UWI shows creative side at Pelican Awards
published: Wednesday | February 21, 2007


Members of the University Dance Society perform during the University of the West Indies' Commemoration Concert and Pelican Awards at the Assembly Hall on Sunday. -Nathaniel Stewart/Freelance Photographer

Mel Cooke, Freelance Writer

The University of the West Indies (UWI), Mona campus, showed its creative side on Sunday night at the Assembly Hall.

The pedigree in the performing arts was displayed by those with degrees and those working towards them, as former and present students performed at the 2007 Grand Commemoration Concert and Pelican Awards, hosted by Gerry McDaniel.

The awards, to Scientific Research Council head Dr. Audia Barnett and Dr. Andre Gordon, managing director and chief executive officer of Technological Solutions Ltd., came early, after the A.Z. Preston Chorale gave the invitation to Wade In the Water to Marjorie Whylie's accompaniment on piano. And after the awards were made, the chorale went reggae with Luciano's Never Give Up My Pride and Everton Blender's Lift Up Your Head.

Reggae again

It was reggae again with the University Dance Society, the red, green and gold strips on the shoulders of the dancers swirling as they moved to Marley's Jammin' and Third World's Uptown Rebel, gathering at the rear and centre of the stage to hold a dramatic pose to applause at the end. Supreme Court Judge Roy Anderson applied his tenor to You Raise Me Up, hands expressive as he kept his body still, ending on a deeper be, steepling his fingers and bowing briefly in acknowledgement of the enthusiastic applause.
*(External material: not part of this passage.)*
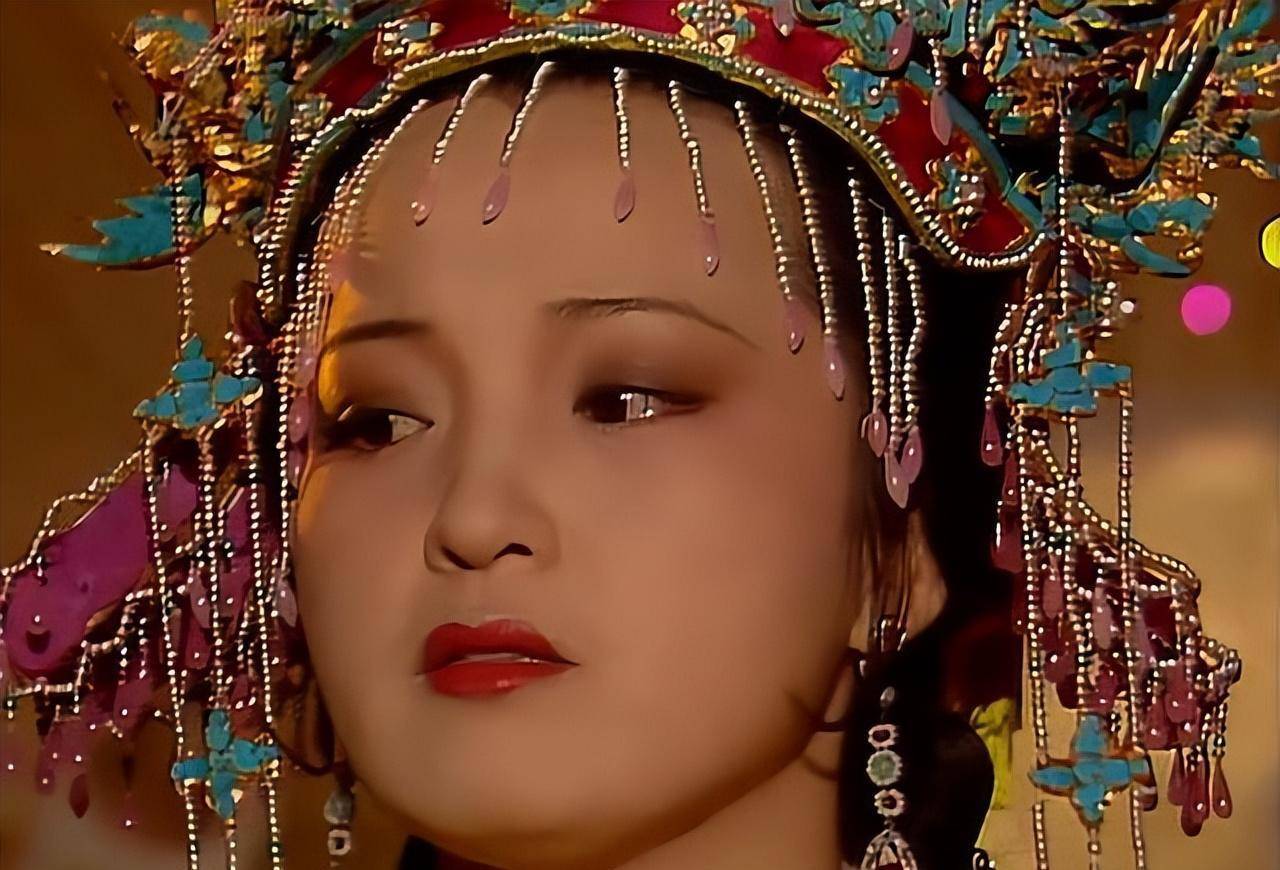 皇帝_王夫人_家族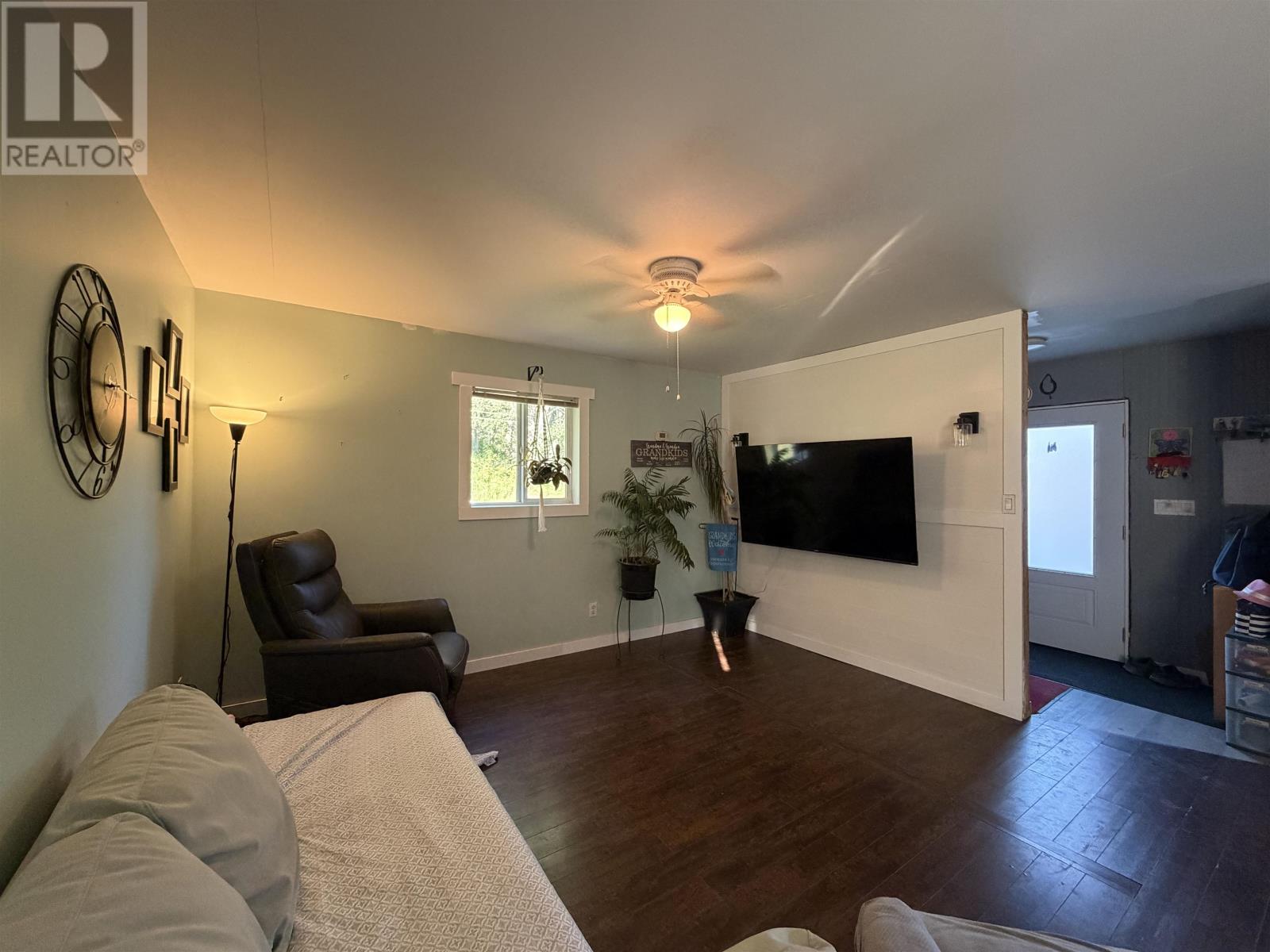 16 James Road, Kenora, Ontario  P9N 0E2 - Photo 3 - TB2602203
Spanish major Shari Williams spoke the language of music on the piano with Beethoven's 'Allegretto no. 5 in C Minor' and the more light-hearted Willy Waddlestrick's Walk About, before Quinton Yearde strode back and forth in performing an excerpt from his original Zombie Dada, which examined Jamaica's pervasive violence, laughter coming when his voice lifted into sketel and dipped into boom.

Deejay and poetry

Kingsley 'Ragashanti' Stewart's Enter The Dancehall was a combination of deejay and poetry with a touch of song and healthy scoopings of humour in which Shower and Comrade discussed the forthcoming general election, even as it cautioned ... when yu defen' yu party/JLP or PNP/No badda mek no war, no mek no duppy.

Their discussions made laughter, though, as one sang Trafigura, Trafigura and the other chortled tainted money, tainted money, the tinkling of tuned steel from the Concert Ensemble of the University Panoridim Steel Orchestra bringing up the break.

Mervyn Morris read a number of pointed, to the point, poems to get the concert going again, starting with Toasting A Muse, sending one To the Unknown Non-Combatant (he crawled to join a side/a bullet clapped him in the neck/of course he died) and gave a rare pre-poem background of Valley Prince (for Don D).

There was laughter at the last line of Pussycat (she would have barred him from her treasure, if she had known her mind was getting laid) as well as Peelin' Orange, quiet for The Day My Father Died and applause as Morris ended A Chant Against Death with say sun and moon/say see you soon.